Low-loss materials find multiple applications in the modern electronics industry with dielectric-based substrates used in printed circuit boards (PCB’s) being a prominent example. Others include ceramic materials and plastics employed in packages for integrated circuits or supportive and protection structures for integrated antennas. There is a strong interest in efficient and easy-to-use methods to characterize all such materials at higher frequencies for dielectric constant (Dk) and dielectric loss (Df).
The main goal of this paper is to present a novel approach to material measurements at the mm-wave band based on high-Q Fabry-Perot resonators, which has been found efficient up to the frequency of 120 GHz. The upper limit is a result of available coaxial transmission lines employed to excite the resonator loaded with a sample under test and is expected to rise when new types of the lines (of smaller diameters) are offered.

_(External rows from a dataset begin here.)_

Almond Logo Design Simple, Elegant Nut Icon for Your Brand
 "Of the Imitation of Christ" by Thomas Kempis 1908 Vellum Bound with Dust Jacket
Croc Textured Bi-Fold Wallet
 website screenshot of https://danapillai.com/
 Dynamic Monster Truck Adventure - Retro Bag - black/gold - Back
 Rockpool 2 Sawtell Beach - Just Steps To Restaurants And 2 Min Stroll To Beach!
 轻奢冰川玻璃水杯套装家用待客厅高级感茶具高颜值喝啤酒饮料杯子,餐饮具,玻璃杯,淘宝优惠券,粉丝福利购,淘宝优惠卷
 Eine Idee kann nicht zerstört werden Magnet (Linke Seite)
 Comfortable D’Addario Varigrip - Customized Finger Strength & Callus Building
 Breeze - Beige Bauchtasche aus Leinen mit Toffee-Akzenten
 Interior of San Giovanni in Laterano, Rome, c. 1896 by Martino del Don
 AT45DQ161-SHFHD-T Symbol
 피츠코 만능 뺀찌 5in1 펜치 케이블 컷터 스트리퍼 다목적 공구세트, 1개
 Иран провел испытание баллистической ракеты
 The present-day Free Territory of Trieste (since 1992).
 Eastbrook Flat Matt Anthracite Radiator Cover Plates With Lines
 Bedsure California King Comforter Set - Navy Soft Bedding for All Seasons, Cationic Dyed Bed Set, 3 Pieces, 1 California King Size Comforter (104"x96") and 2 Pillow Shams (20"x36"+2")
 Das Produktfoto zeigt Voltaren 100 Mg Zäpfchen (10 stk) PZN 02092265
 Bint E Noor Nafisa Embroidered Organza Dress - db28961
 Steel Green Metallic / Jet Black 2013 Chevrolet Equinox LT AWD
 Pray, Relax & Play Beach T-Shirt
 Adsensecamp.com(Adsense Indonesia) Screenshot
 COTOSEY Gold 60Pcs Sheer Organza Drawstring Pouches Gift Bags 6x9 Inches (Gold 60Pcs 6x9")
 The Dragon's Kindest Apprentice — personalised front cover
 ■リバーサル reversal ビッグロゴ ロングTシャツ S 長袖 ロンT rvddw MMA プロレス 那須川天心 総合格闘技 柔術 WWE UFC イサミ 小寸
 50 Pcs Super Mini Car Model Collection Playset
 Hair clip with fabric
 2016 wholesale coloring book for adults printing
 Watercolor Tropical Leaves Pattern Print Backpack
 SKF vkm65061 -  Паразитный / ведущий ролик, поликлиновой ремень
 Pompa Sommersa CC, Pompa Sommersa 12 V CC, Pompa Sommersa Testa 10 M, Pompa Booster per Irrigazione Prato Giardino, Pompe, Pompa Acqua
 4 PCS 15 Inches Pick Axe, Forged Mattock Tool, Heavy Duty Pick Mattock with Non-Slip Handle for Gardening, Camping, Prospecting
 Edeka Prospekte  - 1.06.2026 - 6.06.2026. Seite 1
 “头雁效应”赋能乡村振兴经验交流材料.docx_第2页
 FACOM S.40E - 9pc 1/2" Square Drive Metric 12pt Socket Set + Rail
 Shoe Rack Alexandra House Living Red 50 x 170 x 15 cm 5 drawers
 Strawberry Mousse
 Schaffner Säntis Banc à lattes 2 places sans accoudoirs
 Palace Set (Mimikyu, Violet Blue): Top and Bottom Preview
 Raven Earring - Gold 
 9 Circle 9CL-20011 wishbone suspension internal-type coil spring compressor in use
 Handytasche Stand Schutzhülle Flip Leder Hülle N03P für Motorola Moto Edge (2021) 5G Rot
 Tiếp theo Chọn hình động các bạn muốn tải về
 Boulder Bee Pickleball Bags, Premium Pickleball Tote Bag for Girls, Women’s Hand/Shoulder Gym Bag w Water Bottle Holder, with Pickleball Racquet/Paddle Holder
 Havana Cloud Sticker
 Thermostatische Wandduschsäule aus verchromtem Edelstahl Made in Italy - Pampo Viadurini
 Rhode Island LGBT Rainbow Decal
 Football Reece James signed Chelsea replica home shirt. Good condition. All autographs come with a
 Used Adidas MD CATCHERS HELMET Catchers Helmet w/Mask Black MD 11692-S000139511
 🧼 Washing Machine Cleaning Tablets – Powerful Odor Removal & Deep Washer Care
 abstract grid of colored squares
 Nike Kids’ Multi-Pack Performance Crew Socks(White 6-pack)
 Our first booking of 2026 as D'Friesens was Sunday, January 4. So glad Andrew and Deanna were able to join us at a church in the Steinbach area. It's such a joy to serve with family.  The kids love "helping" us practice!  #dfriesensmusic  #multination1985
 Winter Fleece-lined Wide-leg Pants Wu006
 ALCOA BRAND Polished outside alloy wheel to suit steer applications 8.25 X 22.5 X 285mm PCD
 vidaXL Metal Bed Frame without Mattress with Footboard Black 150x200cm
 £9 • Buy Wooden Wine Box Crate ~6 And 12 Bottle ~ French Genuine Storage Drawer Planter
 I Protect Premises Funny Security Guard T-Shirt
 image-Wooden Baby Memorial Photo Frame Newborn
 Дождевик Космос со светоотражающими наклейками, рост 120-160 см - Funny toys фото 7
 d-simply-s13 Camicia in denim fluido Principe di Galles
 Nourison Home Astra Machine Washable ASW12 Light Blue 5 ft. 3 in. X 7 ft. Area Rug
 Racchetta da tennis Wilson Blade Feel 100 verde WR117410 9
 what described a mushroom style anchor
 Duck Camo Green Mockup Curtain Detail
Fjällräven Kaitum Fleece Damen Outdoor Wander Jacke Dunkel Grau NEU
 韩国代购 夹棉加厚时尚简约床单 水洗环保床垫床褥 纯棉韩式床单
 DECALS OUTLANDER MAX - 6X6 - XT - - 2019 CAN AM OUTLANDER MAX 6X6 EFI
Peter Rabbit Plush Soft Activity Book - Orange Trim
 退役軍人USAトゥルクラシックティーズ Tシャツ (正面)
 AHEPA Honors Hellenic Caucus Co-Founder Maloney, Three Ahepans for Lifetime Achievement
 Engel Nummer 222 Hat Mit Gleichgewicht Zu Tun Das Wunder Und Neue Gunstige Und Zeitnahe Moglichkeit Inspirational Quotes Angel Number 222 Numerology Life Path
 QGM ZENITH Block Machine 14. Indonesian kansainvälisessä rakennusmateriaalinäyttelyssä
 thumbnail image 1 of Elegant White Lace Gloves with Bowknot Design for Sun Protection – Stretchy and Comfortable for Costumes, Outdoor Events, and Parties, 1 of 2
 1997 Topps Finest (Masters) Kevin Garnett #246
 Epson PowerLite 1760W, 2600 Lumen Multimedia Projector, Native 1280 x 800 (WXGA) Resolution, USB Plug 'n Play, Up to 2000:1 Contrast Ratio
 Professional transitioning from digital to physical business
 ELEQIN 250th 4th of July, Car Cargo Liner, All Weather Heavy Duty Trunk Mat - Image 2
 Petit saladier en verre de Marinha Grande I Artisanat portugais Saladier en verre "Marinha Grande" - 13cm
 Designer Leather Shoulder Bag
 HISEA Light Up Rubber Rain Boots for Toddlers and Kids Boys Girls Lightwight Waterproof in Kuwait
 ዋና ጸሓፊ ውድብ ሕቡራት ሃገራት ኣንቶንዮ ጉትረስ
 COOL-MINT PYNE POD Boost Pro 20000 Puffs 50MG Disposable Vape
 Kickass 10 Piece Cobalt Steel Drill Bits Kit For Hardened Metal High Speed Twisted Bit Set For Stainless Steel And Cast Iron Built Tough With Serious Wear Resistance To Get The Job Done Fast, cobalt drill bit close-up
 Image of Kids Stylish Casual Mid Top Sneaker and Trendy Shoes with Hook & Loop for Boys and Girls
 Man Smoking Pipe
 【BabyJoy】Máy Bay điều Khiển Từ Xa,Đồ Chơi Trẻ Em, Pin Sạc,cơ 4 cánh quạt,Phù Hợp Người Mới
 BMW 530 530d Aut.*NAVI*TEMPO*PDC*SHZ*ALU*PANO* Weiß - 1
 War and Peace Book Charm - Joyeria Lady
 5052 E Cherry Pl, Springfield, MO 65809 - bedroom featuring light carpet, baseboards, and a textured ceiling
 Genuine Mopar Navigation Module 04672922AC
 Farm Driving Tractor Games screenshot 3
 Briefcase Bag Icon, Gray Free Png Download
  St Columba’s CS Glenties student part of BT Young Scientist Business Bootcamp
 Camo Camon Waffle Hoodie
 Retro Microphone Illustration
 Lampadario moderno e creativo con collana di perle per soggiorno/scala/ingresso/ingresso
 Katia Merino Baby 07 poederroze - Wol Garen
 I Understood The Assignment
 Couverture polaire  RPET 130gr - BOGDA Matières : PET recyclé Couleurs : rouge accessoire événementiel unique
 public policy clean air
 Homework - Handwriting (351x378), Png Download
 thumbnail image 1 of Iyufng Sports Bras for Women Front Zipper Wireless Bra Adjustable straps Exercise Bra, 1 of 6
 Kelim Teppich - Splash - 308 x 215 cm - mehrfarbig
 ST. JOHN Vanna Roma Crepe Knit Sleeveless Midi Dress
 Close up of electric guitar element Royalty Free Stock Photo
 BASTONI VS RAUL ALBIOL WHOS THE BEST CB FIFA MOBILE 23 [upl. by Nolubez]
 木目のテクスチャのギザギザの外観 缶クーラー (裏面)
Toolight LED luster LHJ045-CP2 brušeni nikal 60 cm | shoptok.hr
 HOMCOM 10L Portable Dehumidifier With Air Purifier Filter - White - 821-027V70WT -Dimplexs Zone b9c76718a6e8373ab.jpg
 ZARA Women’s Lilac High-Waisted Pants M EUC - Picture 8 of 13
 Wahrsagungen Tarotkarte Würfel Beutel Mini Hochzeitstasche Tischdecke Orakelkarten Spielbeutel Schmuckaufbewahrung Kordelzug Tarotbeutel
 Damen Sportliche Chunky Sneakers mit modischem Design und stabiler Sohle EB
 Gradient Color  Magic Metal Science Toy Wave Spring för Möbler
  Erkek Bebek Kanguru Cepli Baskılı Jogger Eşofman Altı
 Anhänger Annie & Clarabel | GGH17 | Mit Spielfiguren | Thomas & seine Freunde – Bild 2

In order to overcome this limitation we have attempted to combine the dedicated Fabry-Perot resonator with sub-THz spectrometers operating in either time- or frequency-domain. As a result, low-loss materials can be efficiently characterized in a ultra-broad frequency band extending from ca. 10 GHz up to hundreds of GHz employing, first, the mm-wave set-up based on a resonator and a vector network analyser (VNA) and, then, a sub-THz set-up with a spectrometer as a source of test signals. The effort will be divided into two tasks aimed at obtaining a set of numerical and mechanical models of structures with couplings, which provide as weak loss of cavity’s Q-factor as possible.
The results in form of Dk and Df data on some dielectric materials measured up to the sub-THz bands will be presented.